Synergistic Dual Spatial-aware Generation of Image-to-text and Text-to-image

Authors: Yu Zhao, Hao Fei, Xiangtai Li, Libo Qin, Jiayi Ji, Hongyuan Zhu, Meishan Zhang, Min Zhang, Jianguo Wei

NeurIPS 2024 | Conference PDF | Archive PDF | Plain Text | LLM Run Details

Reproducibility Variable Result LLM Response
Research Type Experimental On the visual spatial understanding dataset VSD, our system outperforms the mainstream T2I and I2T methods significantly.

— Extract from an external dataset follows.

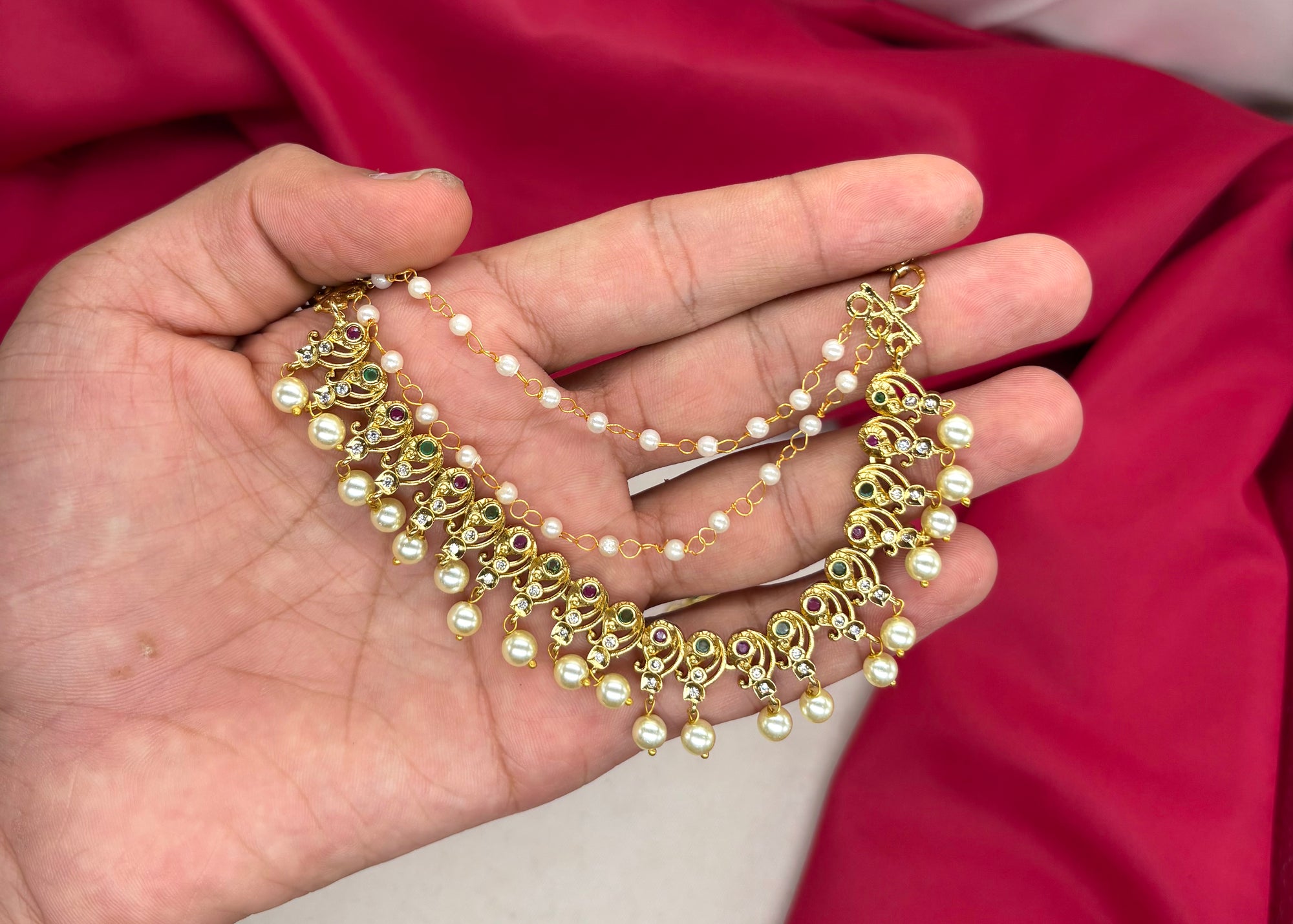 Matte finishing Elephant design multi stones Champaswaralu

Further in-depth analysis reveals how our dual learning strategy advances.
Researcher Affiliation Collaboration Yu Zhao1, Hao Fei2 , Xiangtai Li3, Libo Qin4, Jiayi Ji2, Hongyuan Zhu5, Meishan Zhang6, Min Zhang6, Jianguo Wei1 1 Tianjin University 2 National University of Singapore 3 Bytedance 4 Central South University 5 I2R & CFAR, A*STAR 6 Harbin Institute of Technology (Shenzhen)
Pseudocode No No pseudocode or clearly labeled algorithm blocks were found.
Open Source Code Yes We will open source at Github.
Open Datasets Yes To demonstrate the capability of our proposed method for both ST2I and SI2T generation, we conduct experiments on the VSD [95, 97] dataset, which is constructed for visual spatial understanding. ... We follow [72] to take the 3D datasets Matterport3D (MP3D) [7] 3DSSG [78] and CURB-SG [27]...
Dataset Splits No The paper mentions using the VSD dataset for experiments and training on 'aligned 3DSG-Image-Text data' but does not specify exact train/validation/test splits (e.g., percentages or sample counts) needed to reproduce the data partitioning.
Hardware Specification No The paper provides training time (e.g., '20 hours' for 'Overall Training') and model parameters in Table 8, but does not specify the exact hardware used (e.g., GPU/CPU models, memory amounts).
Software Dependencies No We use the pre-trained VQ-VAE of VQ-GAN [14]... For text encoder, we adopt the CLIP model... We adopt the pre-trained GPT-2 [59]... We optimize the framework using Adam W [50]... We follow the default settings of DGAE [54]... While it lists software, it generally lacks explicit version numbers. The checklist mentions 'Python 3.8', but this is for environment and not detailed for key libraries.
Experiment Setup Yes We optimize the framework using Adam W [50] with β1 = 0.9 and β2 = 0.98. The learning rate is set to 5e-5 after 10,000 warmup iterations in the final dual tuning.